Opinioni

Il direttore risponde. Quella "voce" e la straordinaria normalità dell'amore matrimoniale

Marco Tarquinio martedì 18 febbraio 2014
Gentile direttore,mi permetta una affettuosa tirata di orecchie al correttore di bozze di "Avvenire" che si è lasciato sfuggire un “vox clamans (anziché clamantis) in deserto» nel commento di Costanza Miriano.
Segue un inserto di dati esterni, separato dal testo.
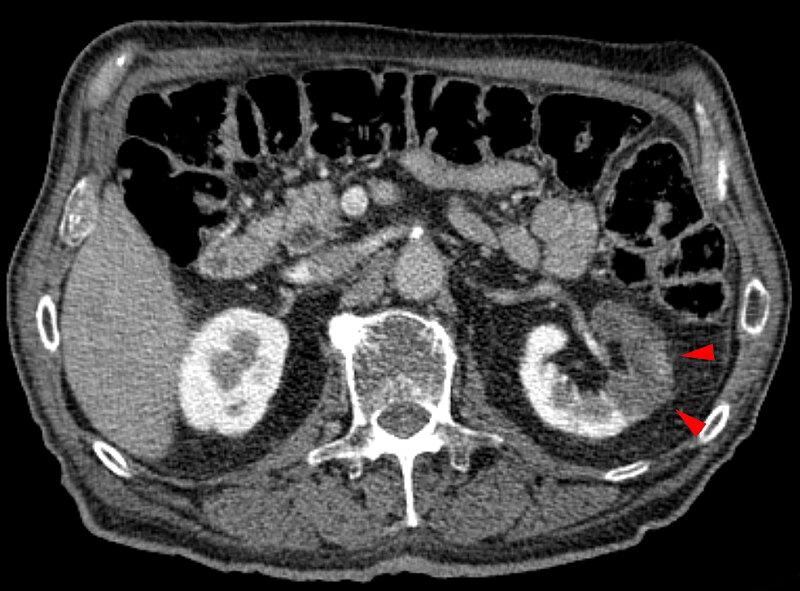 File:Niereninfarkt in der Computertomographie.jpg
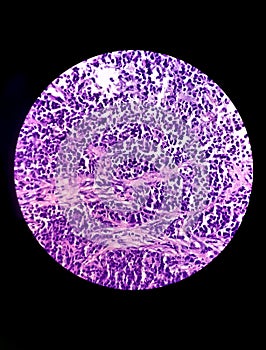 Microscopic view of stained slide of Histology. A Slide of malignancy. Biopsy. Cancer.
Commento che mi ha fatto venire in mente un folgorante scambio di battute di Leo Ortolani (Ratman): «Non mi ami più come una volta». «Quale volta?». Sulle soglie del decimo anniversario di vita matrimoniale (evviva!) credo infatti che il segreto della longevità dell’amore tra marito e moglie stia nel ritenerlo una cosa assolutamente normale e che, invece, la strada maestra per bruciarlo in fretta consista nel viverlo come stato d’eccezione (e d’eccitazione) permanente.Raffaele Ferro, TrentoÈ una questione mille volte riproposta, gentile e caro amico. Ha ragione: l’errore c’è rispetto al testo evangelico (cfr. Giovanni 1, 23) che usa il genitivo: «Voce di uno che grida (chiama): nel deserto...». Ma l’espressione in sé – «voce che grida (chiama) nel deserto» – non è errata ed è anche piuttosto ricorrente (ogni volta, o quasi, con dibattito...). Mi fermo qui, e spero di non essermi infilato in un ginepraio. Quanto a come vivere bene il matrimonio, trovo prezioso ogni parere, ogni esperienza. E so, perché lo continuo a sperimentare, che ciascuno di noi anche quando condivide, cristianamente e civilmente, l’idea di fondo del matrimonio ha sempre da obiettare o da aggiungere qualcosa a ciò che un altro o un’altra afferma. Siamo diversi, grazie a Dio. Ed è questa nostra diversità che ci scomoda e ci avvicina nel normale, straordinario cammino d’ogni giorno insieme. Perché l’eccitazione (comunque è sempre eccezionale) che sta all’inizio d’ogni storia che tende al «per sempre» è – come ha scritto Costanza Miriano lo scorso 14 febbraio – «solo una parte dell’amore».